Article Summary #5: Digital Unity and Digital Divide: Surveying Alumni to Study Effects Of a Campus Laptop Initiative

Citation: Finn, S., & Inman, J. G. (2004). Digital Unity and Digital Divide: Surveying Alumni to Study Effects Of a Campus Laptop Initiative. Journal Of Research On Technology In Education (International Society For Technology In Education), 36(3), 297-317.

Word cloud of the article: Digital Unity and Digital Divide
Summary:  The authors examined Grove City College’s laptop distribution program by surveying the alumni class prior to the initiative start (control group), and two classes within the initiative (treatment groups) to explore the impact on their education, technological skills development, and preparedness for work. The survey (212 out of 600 returned) included questions addressing Kolb's Learning Style Inventory to understand overall learning styles with computers.
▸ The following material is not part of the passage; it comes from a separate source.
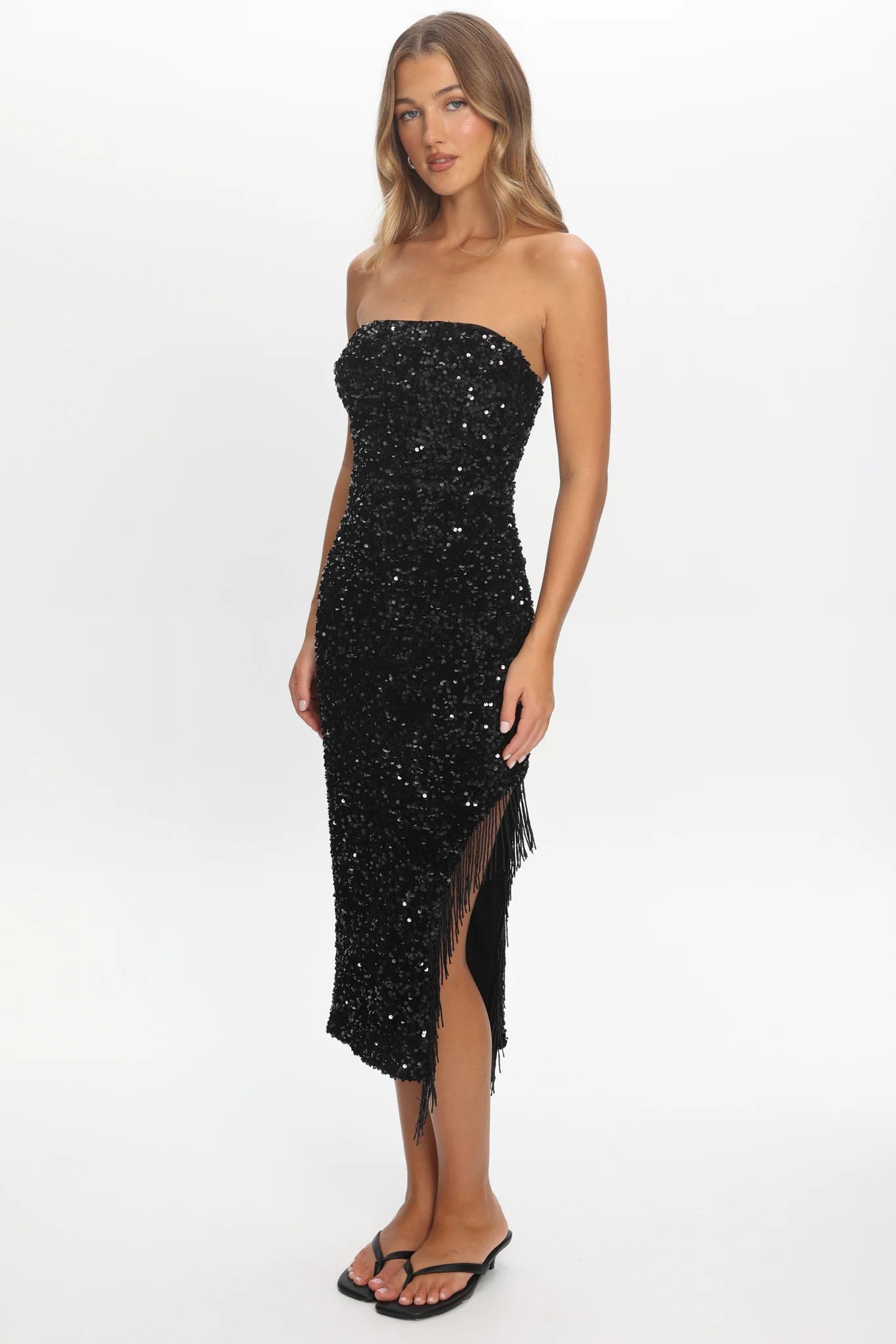 Events Tassel Trim Midi Dress Sequin Black - luluinthesky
Laptop initiative alumni were more positive about levels of campus technology, though all three groups were dissatisfied with the level of technology-supported classrooms.  Results relating to alumni's beliefs about the importance of technology has played in their professional lives was ambiguous. The results also indicated that the curriculum did not necessarily reflect the technological changes on campus. The authors explored gender differences in the computer usage, addressing a previously-established digital divide between men and women. The initiative did not change such divides in areas of spreadsheets, presentations software, the Internet, and computer games but notably decreased the difference in word-processing and email. The attempt to align learning styles with computer usage became more complicated with aligning fields of study with learning style scores, and computer usage with little significant results.  The initiative made students feel prepared for a technology-driven work life but it did not change teaching and learning. 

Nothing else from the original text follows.